Words: 0 (but as I said, Friday is NaNoWrimo day so I was expecting to have anything written today)
Today I went to see the matinee of ‘Urinetown’ at the Apollo Theatre. I originally had tickets when it was at the St James Theatre but because of various circumstances, I ended up having to pass the ticket off to a friend. ‘Urinetown’ has been one of those odd little shows which has been on my radar ever since I was back home studying technical theatre at college (and back when I still liked musicals). I remember reading about it on the old Phantom of the Opera forums at she.net, then somehow I got hold of the cast recording (possibly through the early P2P sites…where someone would have a list and you’d trade them through the post…lots of bootlegs ;)).
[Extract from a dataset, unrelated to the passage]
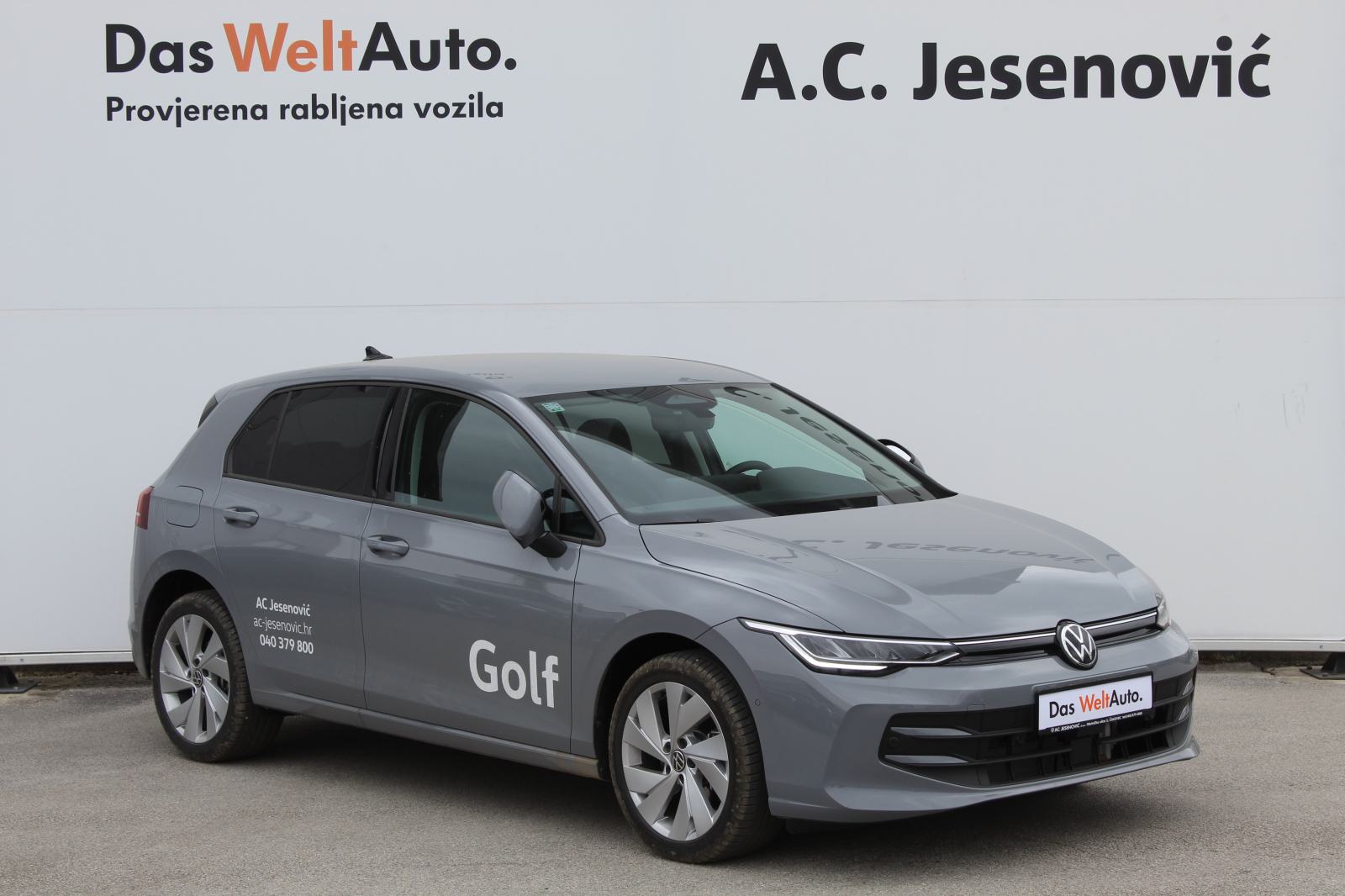 VW Golf 8 1.5 TSI eHybrid DSG Life Plus, fotografija 3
I was fascinated by the idea of a meta-musical, and at the time it was my first exposure to such a thing. I would browse the Dress Circle website for hours, occasionally looking fondly on Tower Records (I think it was) who seemed to have all these obscure musicals I was just desperate to hear. One of my first trips on arrival in London (2002) was to the Dress Circle shop where I bought a copy of ‘Avenue Q’ and my musical theatre wishlist promptly became all about ‘Avenue Q’ and ‘Urinetown’.
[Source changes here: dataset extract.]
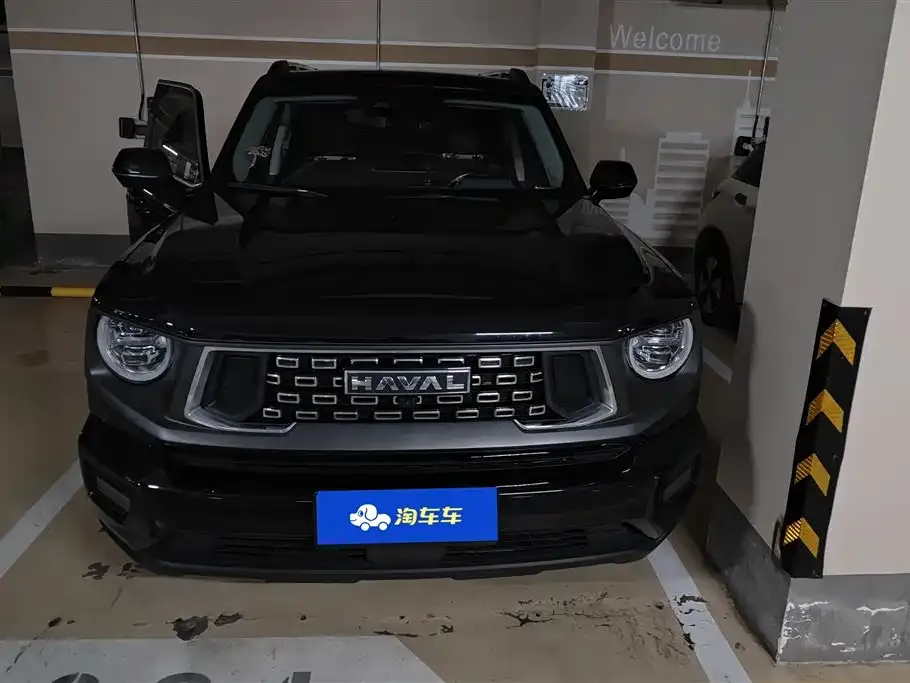 Haval H7 (Big Dog Plus) 2024 из CN, фото 9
I got my wish with ‘Avenue Q’.
Never thought I’d see ‘Urinetown’.
It’s a very, very good show and it’s been staged brilliantly. The cast were all fabulous (although I have my doubts over Officer Lockstock’s accent), the set was beautiful and I rather liked the lighting – they could have benefited from followspots though, there were scenes I were I was just aching to put a nice tight head shot on people (that sounds wrong if you’re not a followspot…sorry). Anyway, the theatre had about 80 people in it. Very disappointing for the cast and it’s a show which deserves a bigger audience but one of the biggest problems the show has is it’s not a West End show.
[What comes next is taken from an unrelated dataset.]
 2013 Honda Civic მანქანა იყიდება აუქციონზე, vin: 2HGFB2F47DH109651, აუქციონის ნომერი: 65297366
‘Urinetown’ was born on the fringe. It’s very much a fringe musical and I think by putting it in a commercial West End theatre it’s killed the show. It was a hit at the St James Theatre and they clearly thought that the audiences would be the same, they’re not. People going to the West End fringe are going because they want something not offered in the West End, those shows are not the ones the tourists are looking to see.